To Reproduce with a LIKWID command Please supply the output of the command with -V 3 added to the command:

+------------------------------------+------------+ | Metric | HWThread 0 | +------------------------------------+------------+ | Runtime (RDTSC) [s] | 1.0025 | | CPI | 1.7634 | | L1D<-L2 load bandwidth [MBytes/s] | 0.8843 | | L1D<-L2 load data volume [GBytes] | 0.0009 | | L1D->L2 evict bandwidth [MBytes/s] | 0.3248 | | L1D->L2 evict data volume [GBytes] | 0.0003 | | L1I<-L2 load bandwidth [MBytes/s] | 0.9895 | | L1I<-L2 load data volume [GBytes] | 0.0010 | | L1<->L2 bandwidth [MBytes/s] | 2.1986 | | L1<->L2 data volume [GBytes] | 0.0022 | +------------------------------------+------------+

double free or corruption (out)

jdomke commented 7 months ago

note: using FCC results in similar crashes

jdomke commented 7 months ago

The issue results from having disabled cores in a 24-core version of A64FX (the chip has all 48 nodes, but only 24 are active).
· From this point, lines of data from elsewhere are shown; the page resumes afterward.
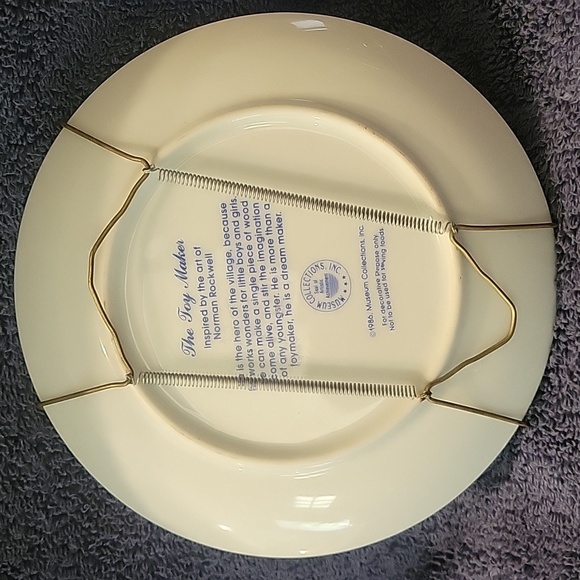 Norman Rockwell plate Inspired The Joy Maker by Museum Collections 1986, 6 1/2" - Picture 2 of 5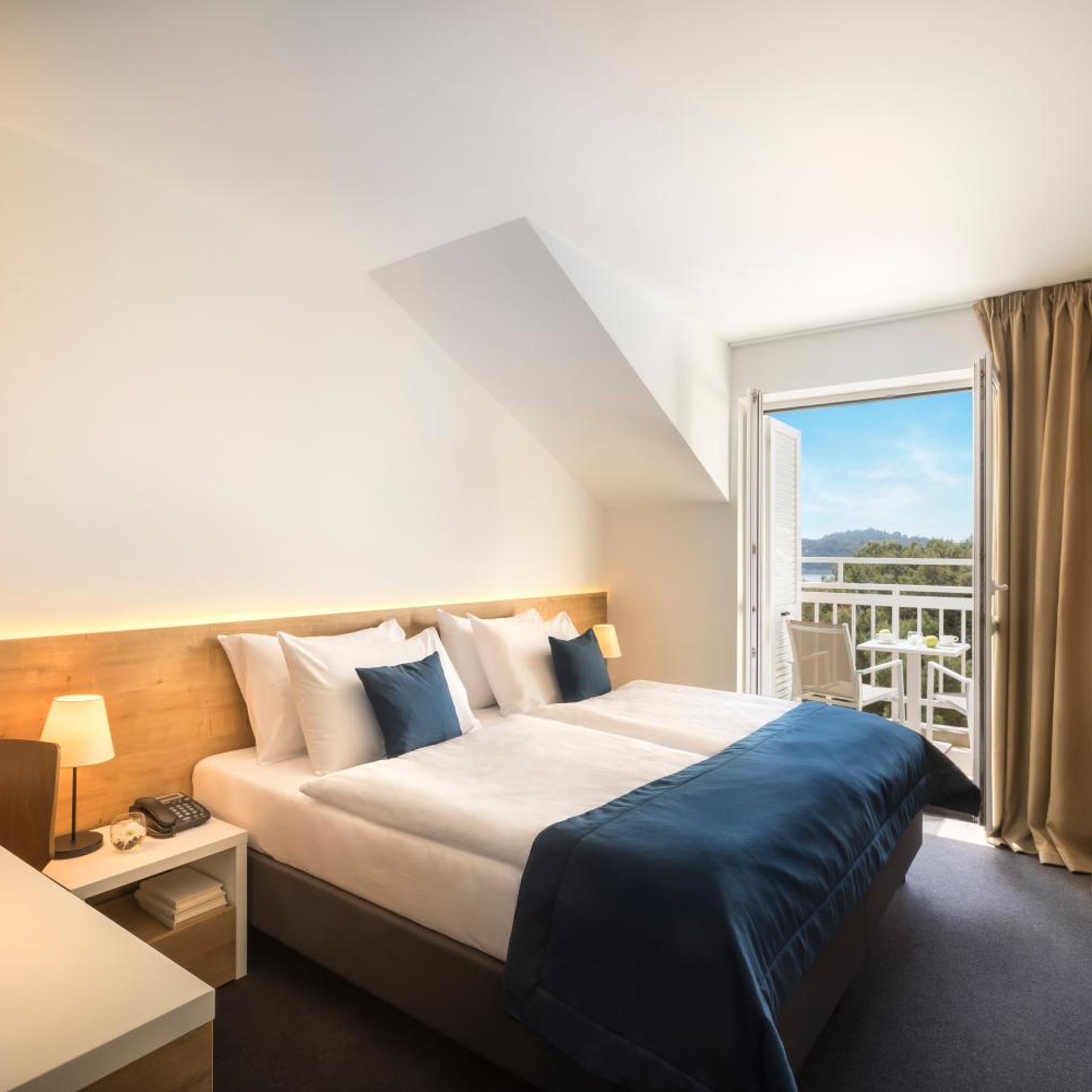 Room, Double Bed, Side Sea View, Balcony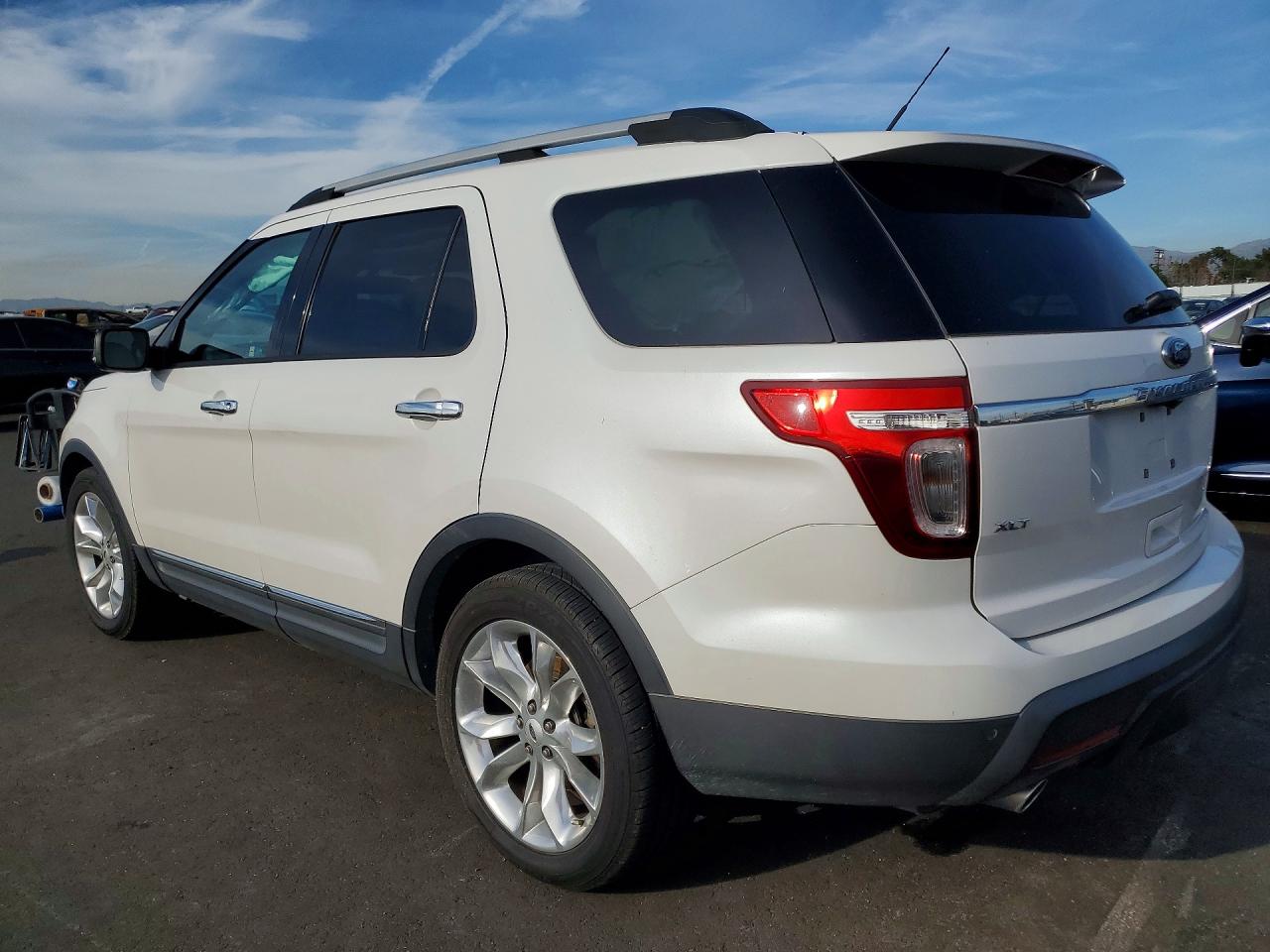 2013 FORD EXPLORER XLT photo 2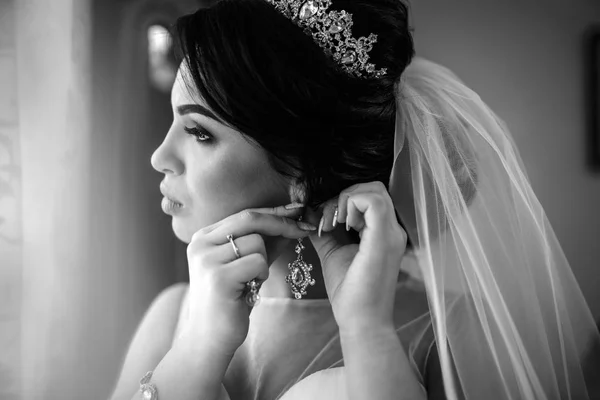Braut Setzt Vor Trauung Luxus Ohrring Auf — Stockfoto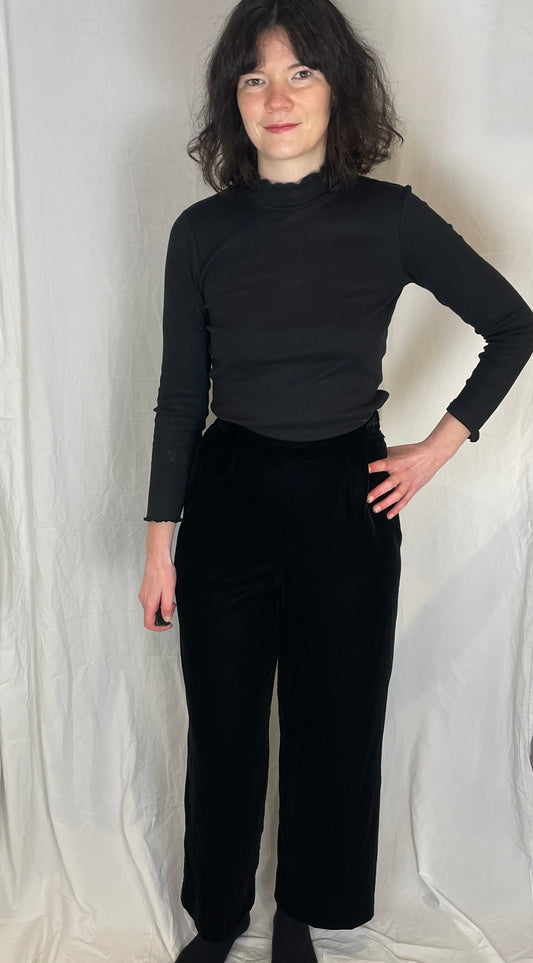 Vintage Black Velvet Pleat Front Straight Leg Trousers - Size 8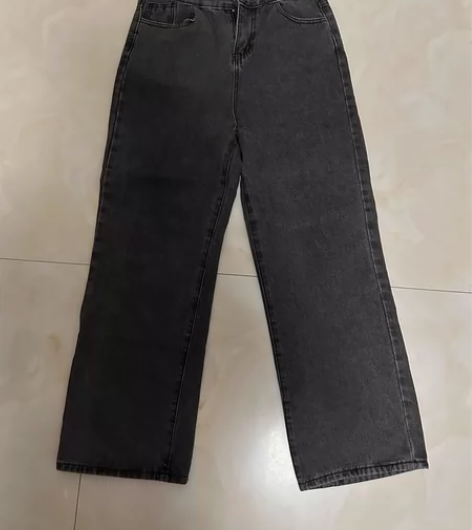 牛仔裤 高中时期衣服，清理衣柜 感兴趣的话...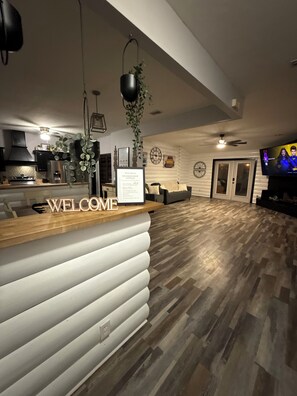 Interior - Fabulous 4 Bedroom Family-Friendly Cottage w/ Large Fenced Yard in Newberry, FL (Newberry)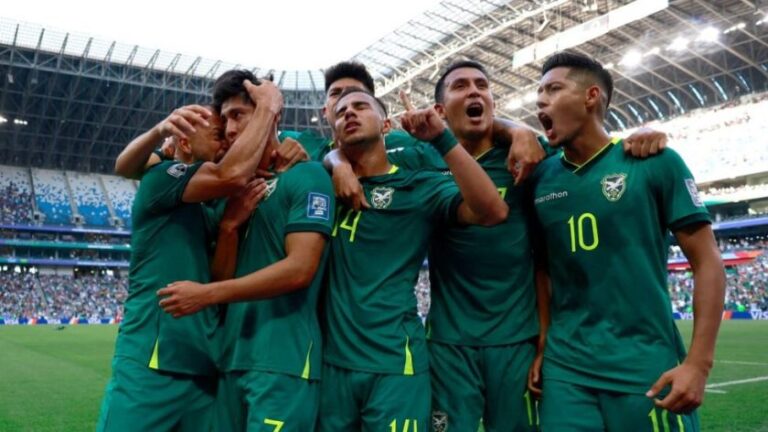 Bolivia venció 2-1 a Surinam y enfrentará a Irak en la final del Repechaje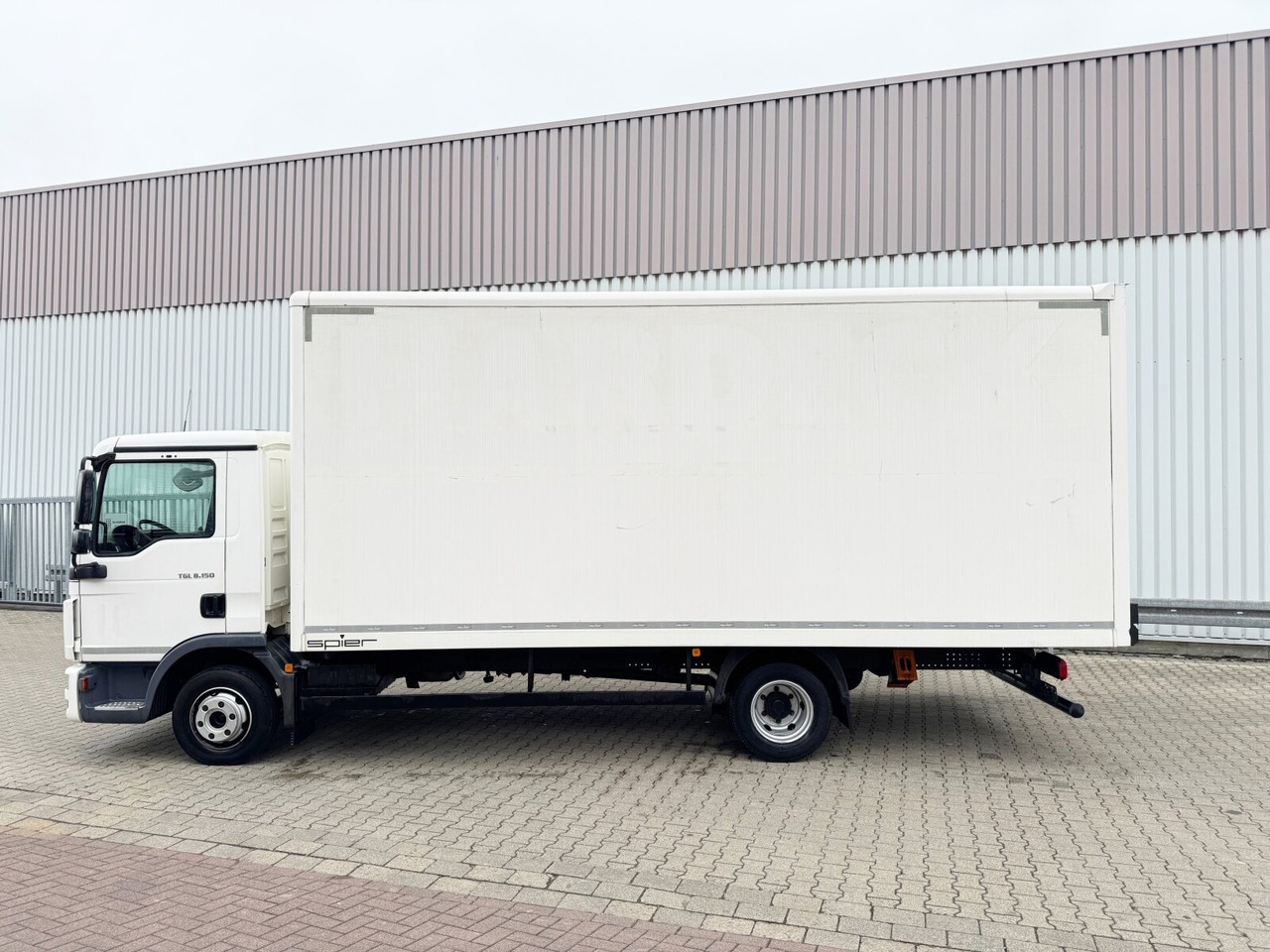 MAN TGL 8.150 4x2 BL TGL 8.150 4x2 BL, Möbelkoffer mit Rolltor - Truk box: gambar 2 MAN TGL 8.150 4x2 BL TGL 8.150 4x2 BL, Möbelkoffer mit Rolltor - Truk box: gambar 2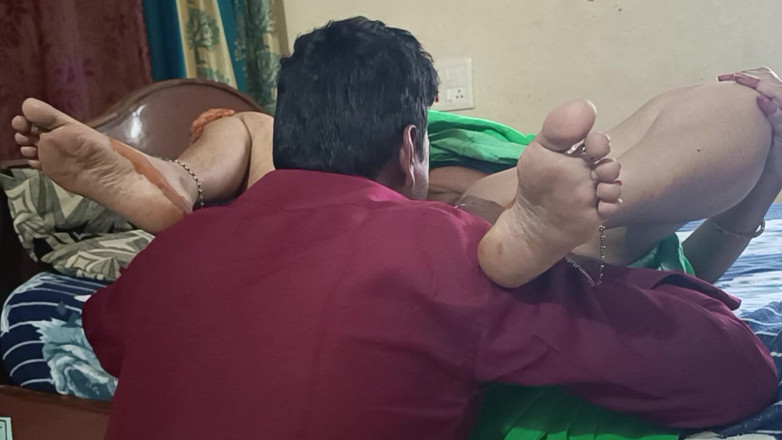 Decent couples: Desi Aunty Hot Fucking with Opposite Home Boy in Bed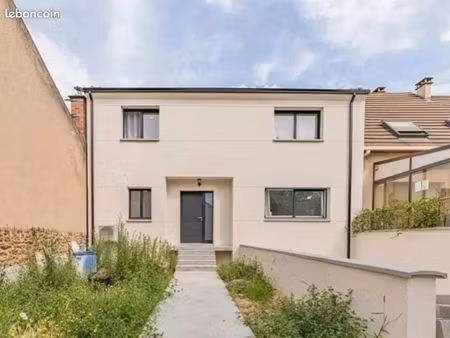 belle maison 2 niveaux 5 pièces 127m²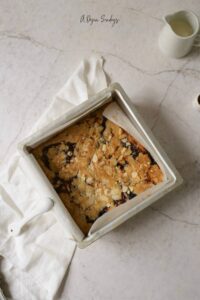 Cherry Bakewell Blondies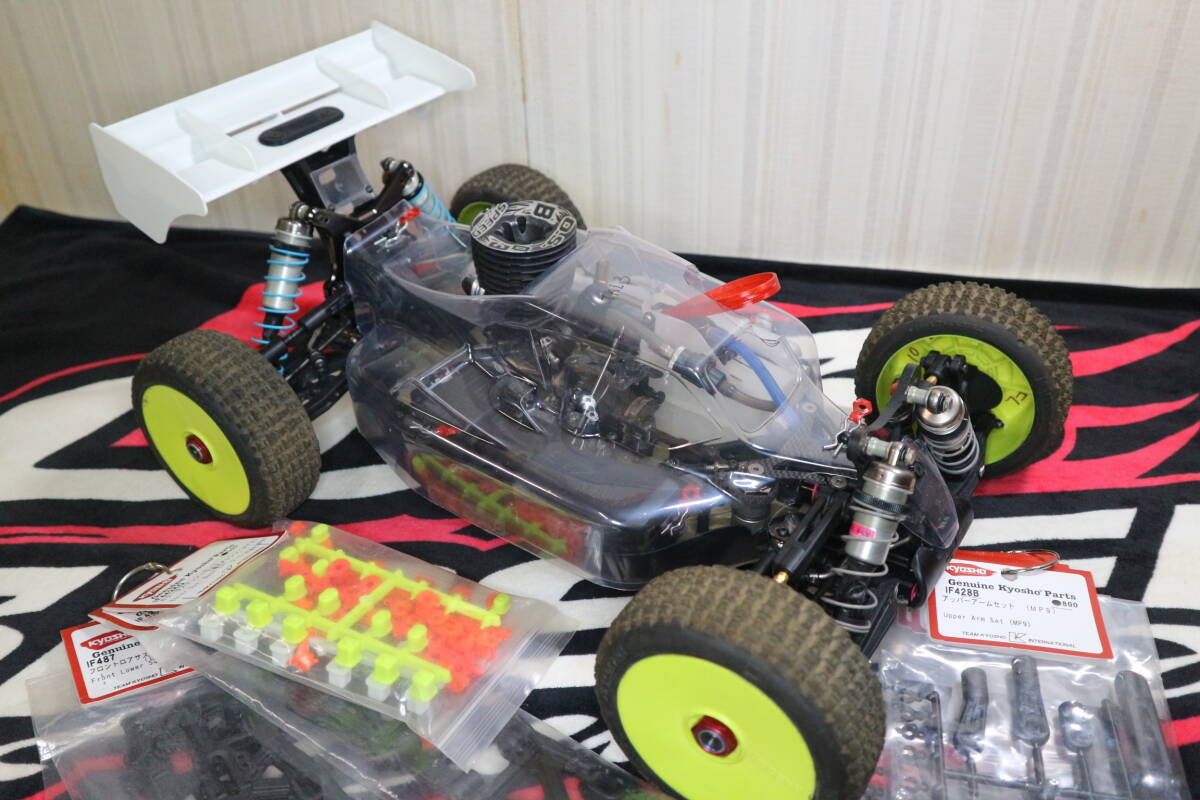 Yahoo!オークション -「kyosho インファーノ」(組立キット Yahoo!オークション -「kyosho インファーノ」(組立キット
Unlike on Intel/AMD the kernel does not properly mask/map the coreIDs to be consecutive. Visible here:

DEBUG - [proc_init_nodeTopology:713] PROC Thread Pool PU 0 Thread 0 Core 0 Die 0 Socket 0 inCpuSet 1
DEBUG - [proc_init_nodeTopology:713] PROC Thread Pool PU 1 Thread 0 Core 1 Die 0 Socket 0 inCpuSet 1
DEBUG - [proc_init_nodeTopology:713] PROC Thread Pool PU 2 Thread 0 Core 6 Die 0 Socket 0 inCpuSet 1
DEBUG - [proc_init_nodeTopology:713] PROC Thread Pool PU 3 Thread 0 Core 7 Die 0 Socket 0 inCpuSet 1
DEBUG - [proc_init_nodeTopology:713] PROC Thread Pool PU 4 Thread 0 Core 8 Die 0 Socket 0 inCpuSet 1
DEBUG - [proc_init_nodeTopology:713] PROC Thread Pool PU 5 Thread 0 Core 10 Die 0 Socket 0 inCpuSet 1

for one of the CMGs of the chip.

I was able to "fix" this part with

diff --git a/src/topology_proc.c b/src/topology_proc.c
index 398be11f..77fa871a 100644
--- a/src/topology_proc.c
+++ b/src/topology_proc.c
@@ -602,6 +602,7 @@ proc_init_nodeTopology(cpu_set_t cpuSet)
     int (*ownatoi)(const char*);
     ownatoi = &atoi;
     int last_socket = -1;
+    int last_coreid = -1;
     int num_sockets = 0;
     int num_cores_per_socket = 0;
     int num_threads_per_core = 0;
@@ -631,6 +632,7 @@ proc_init_nodeTopology(cpu_set_t cpuSet)
             {
                 num_sockets++;
                 last_socket = packageId;
+                last_coreid = -1;
             }
             fclose(fp);
         }
@@ -639,7 +641,7 @@ proc_init_nodeTopology(cpu_set_t cpuSet)
         if (NULL != (fp = fopen (bdata(file), "r")))
         {
             bstring src = bread ((bNread) fread, fp);
-            hwThreadPool[i].coreId = ownatoi(bdata(src));
+            hwThreadPool[i].coreId = (++last_coreid); //ownatoi(bdata(src));
             if (hwThreadPool[i].packageId == 0)
             {
                 num_cores_per_socket++;

but it will only move the error to other parts of the code. I think likwid has severe issues when cores, sockets, cachedomains, etc. are not in idea conditions.